Every organization, irrespective of its size and scope, has to budget for publicity with the objective of its image building. In the case of small and medium firms, the publicity can be confined to the local or regional base for this will suffice as their ability to attract talent is also generally limited to it. Besides, the competition, in so far as the employment turnover is concerned, is also usually local at most and intra regional at best. By this way, the organization is ever kept in the local limelight, and thus it need not have to suffer on account of employee turnover associated with unexposed firms. In short, the small players have to acquire a local aura of their own to avoid the pitfalls of their life threatening employee turnover.

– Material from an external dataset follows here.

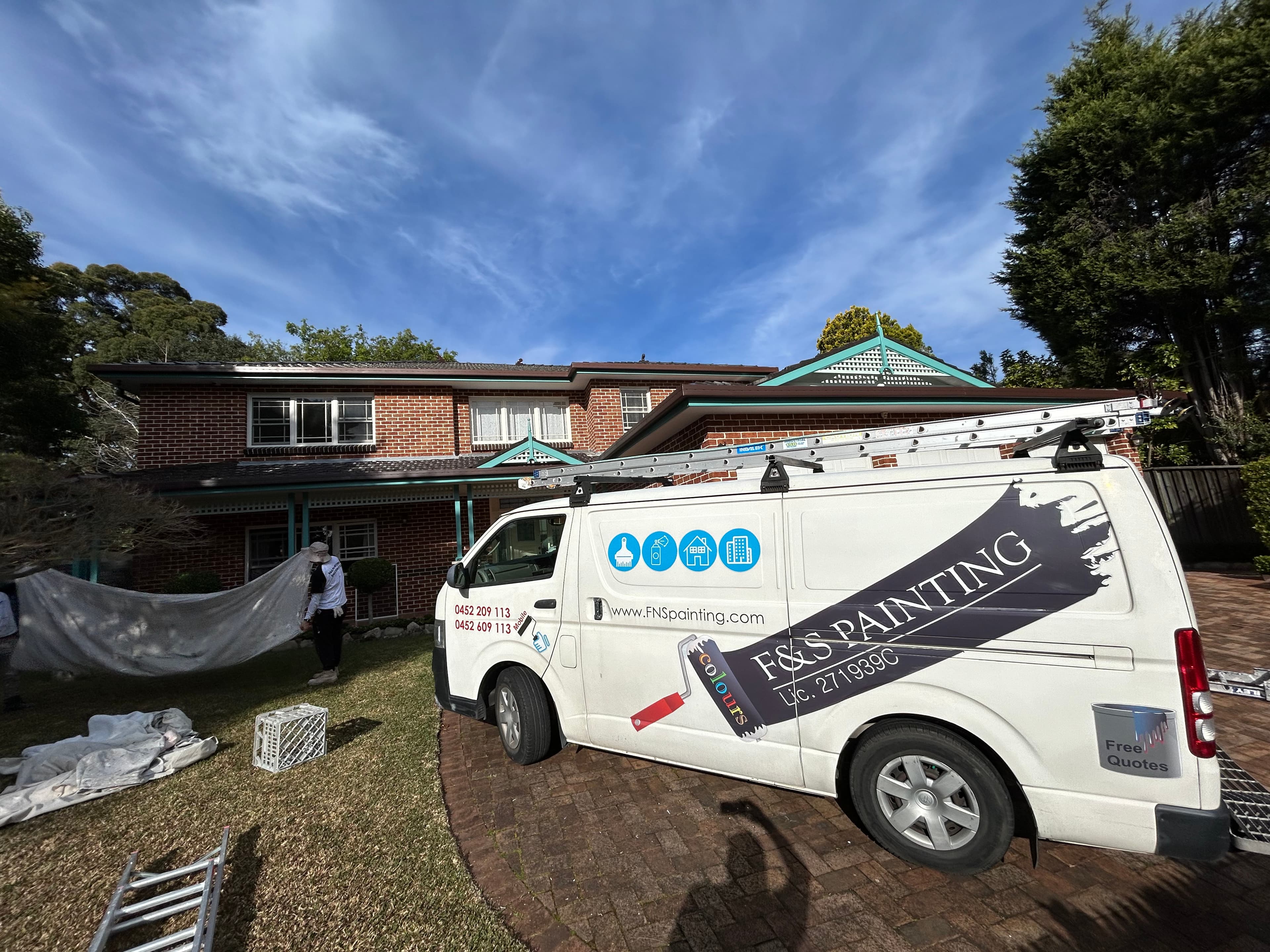 Chatswood house exterior during preparation with F&S Painting van on site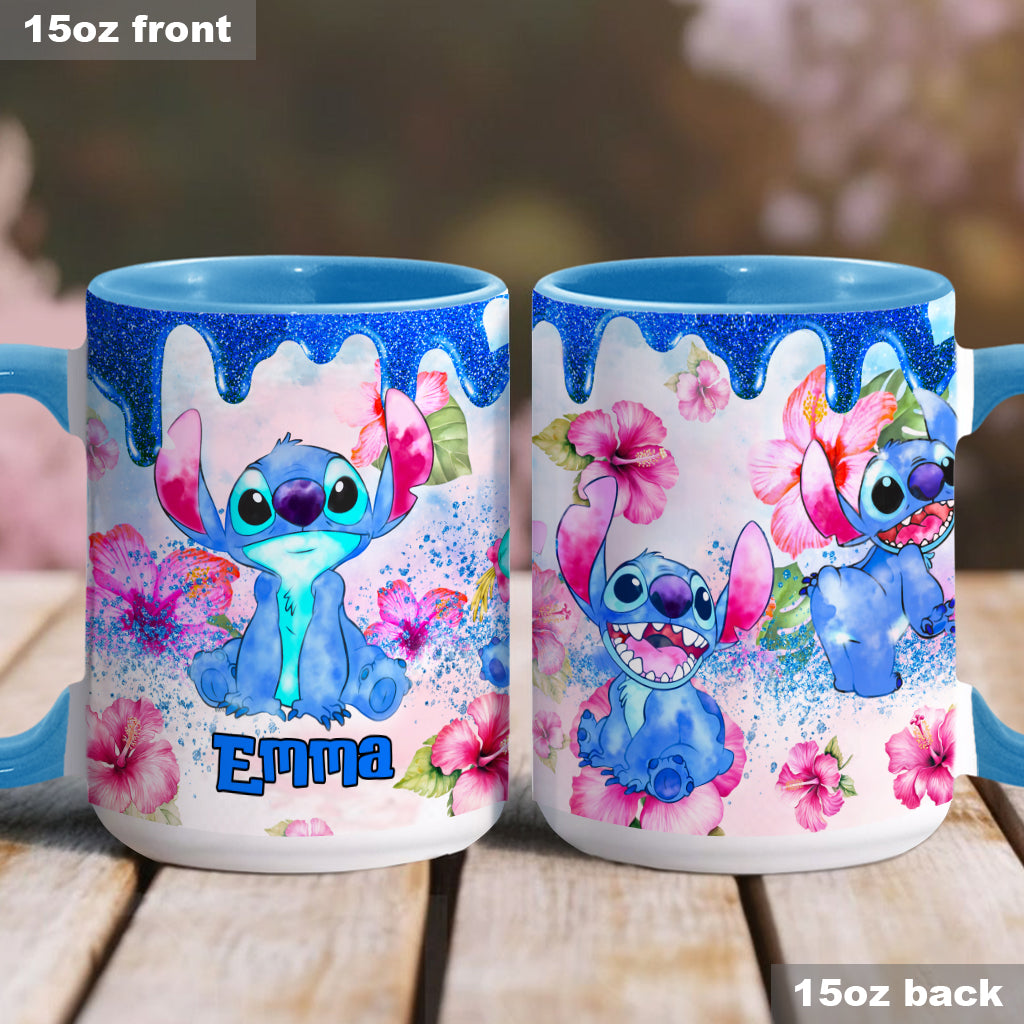 Personalized Ohana Accent Mug Colorful Floral Design Gift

An organization has to maintain continuity and keep the advancement channels open to the employees in order to cater to their promotional aspirations. Unimaginative and haphazard recruitment methods that do not take into account the age factor of the employees for various positions in the hierarchy will lead to stagnation and consequent turnover or a sudden vacuum caused by their simultaneous retirement. This can be avoided by phased recruitment of and   proportional promotions to various positions, in tune with the planned growth rate of the organization. In an ideal situation, occasioned by this regimen, the facilitation of the promotion of juniors on the superannuation of their seniors could be achieved.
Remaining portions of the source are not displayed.